Stéphane Pichelin a écrit:ça me parait assez possible comme analyse. j'ai l'impression quand-même que le film l'illustre plus sur un plan politique qu'économique.

Alors précisément : la "politique" en question consiste à soumettre la politique à l'économie, à dire que l'économie constitue le tout de la politique, en détermine le champ et les fins.


Selon la vision consensuelle, il n'y a qu'une seule réalité qui ne nous laisse pas le choix de l'interpréter et nous demande seulement des réponses adaptées qui sont les mêmes, quelles que soient nos opinions et nos aspirations. Cette réalité s'appelle économie : en d'autres termes, l'illimité du pouvoir de la richesse.
(Rancière)

Ce consensus correspond à un déni. Le même que celui qu'il peut y avoir à nier la contradiction entre les valeurs conservatrices de la famille traditionnelle et celles de la dérégulation totale.

Ensuite, quand tu dis que Cronenberg est lucide là-dessus, et le donne à voir, l'expose, en toute connaissance de cause : c'est un peu comme quand René Girard dit que la religion chrétienne dépasse toutes les autres parce qu'elle met à nu le mécanisme sacrificiel et exhorte ainsi ses fidèles à ne plus le reproduire. En fait ce n'est pas du tout ce qui se passe, les chrétiens se font une spécialité de brûler les sorcières.

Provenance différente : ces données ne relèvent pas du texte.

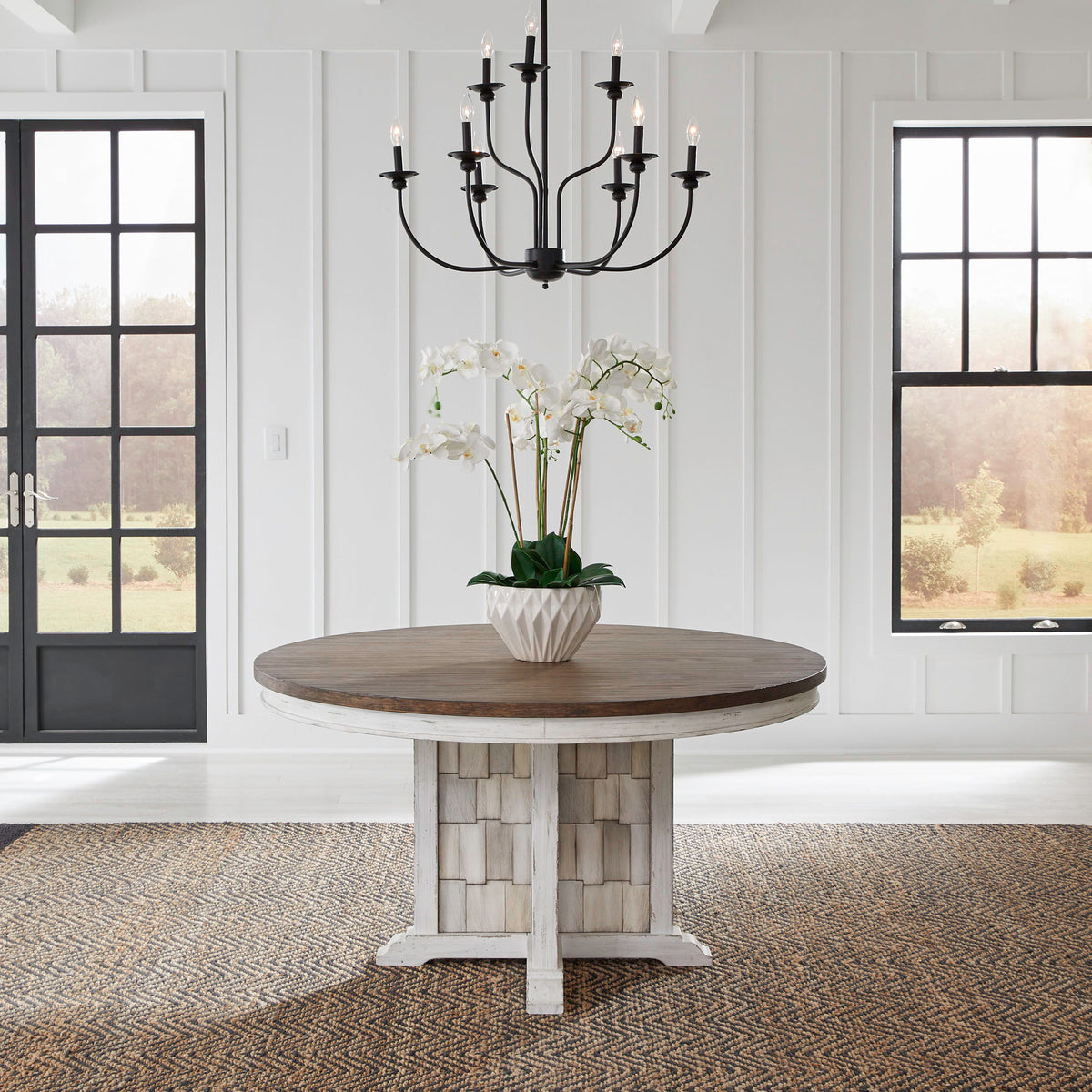 River Place - Pedestal Table - Riverstone White & Tobacco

La médiation spectaculaire christique ne constitue pas du tout la "bonne leçon" qui permettrait à ses héritiers de sortir de la violence mimétique.

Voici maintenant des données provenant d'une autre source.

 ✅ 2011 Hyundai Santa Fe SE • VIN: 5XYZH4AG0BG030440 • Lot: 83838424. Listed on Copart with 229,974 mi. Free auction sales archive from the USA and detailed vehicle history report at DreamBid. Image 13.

On peut toujours dire que Cronenberg est lucide : il produit son spectacle en sachant qu'il aura une résonance sur le spectateur, qui ne saura pas décoder le message ; il y verra une expression d'une grande force et d'un grand réalisme. Toi, tu décodes Cronenberg, mais tu hésites à conclure : tu admires encore son boulot. Le fait est qu'il ne propose pas grand chose aux gens : un petit quart d'heure cathartique sur la dureté du monde, et comment on n'a pas le choix de toute façon ; pas trop d'émancipation là-dedans.